Ela estava farta de dar voltas e reviravoltas por dentro.

Farta de se tentar virar do avesso e de perceber se as nódoas estavam do lado de dentro ou do lado de fora.

Estava farta de pensar nas noites em que se embrulhava nele e em que tudo de repente se tornava mais simples só por causa disso. Disso e do sentido que faziam ali, os dois. As coisas deixavam de ter as mesmas proporções. Assumiam outras, diferentes, as que deveriam ter. No colo as coisas eram mais simples. Sempre tinham sido, pelo menos para ela.

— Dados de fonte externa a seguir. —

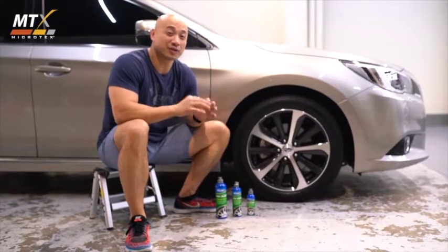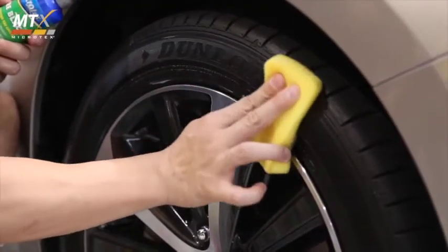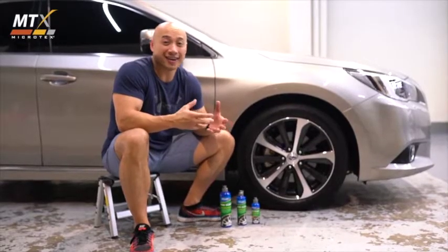To keep your tires looking like new, make sure you use Microtex Tire Black. Microtex Tire Black protects your tires from drying, cracking and fading.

Durante muito tempo tinham estado ali os dois. Porque sim. Porque era o que sentiam e precisavam de sentir. Se. Um no outro como se não fossem dois.

Como se não precisassem de se sentir sozinhos mais vez nenhuma. Parecia que tinha chegado o momento. Finalmente iam poder abandonar-se. Ali, no colo.

E os sorrisos foram muitos, dos bons, daqueles inteiros, dos outros em gomos.

E a cumplicidade existiu. No toque, na partilha, no sossego e na paz de sentirem que podiam existir exactamente como eram. E amar-se assim. Apesar disso e por causa disso.

Depois por algum motivo a história foi-se pintando de outras cores.

Deixaram de ter os corações alinhados nas batidas. Não deixaram de se amar. Mas deixaram de o sentir ao mesmo tempo, com a mesma intensidade.

Umas vezes batia mais um, outras o outro e ao longo dos dias foram se esquecendo que isso não era uma falha.  Era o tal do sopro do coração que nem sempre tem que ser em uníssono.

Sem querer ela deixou que ele se perdesse dele para estar ao pé dela.

Não conseguiu mesmo que lho tenha gritado, e talvez por causa disso, dizer-lhe que não era preciso esforçar-se. Que não era preciso fazer nada.

Gostava dele exatamente como o tinha encontrado. Estava pronta, finalmente, para o amar por inteiro. Não era preciso ele ser de uma ou de outra maneira.

Era aquilo que ali estava, exactamente aquela pessoa que ela queria, que ela sentia e que ela precisava.

Ela gostava de o amar baixinho, devagarinho, debaixo de um edredon a ver um filme qualquer ou naquela mão dada no meio das ruínas de um castelo. Ela não gostava de o amar em voz alta. Ela gostava da paz que sentia ao chegar ao pé dele. Aquela paz que se sente quando se desliga a chave do carro ao fim de um dia de trabalho. Ali, no colo um do outro era um mundo diferente. Foi durante muito tempo. E ela tinha saudades de se sentir guardada e protegida, forte e pequena no abraço dele. Nos braços dele. No colo.

O tal sopro do coração. Sim, ele era o tal.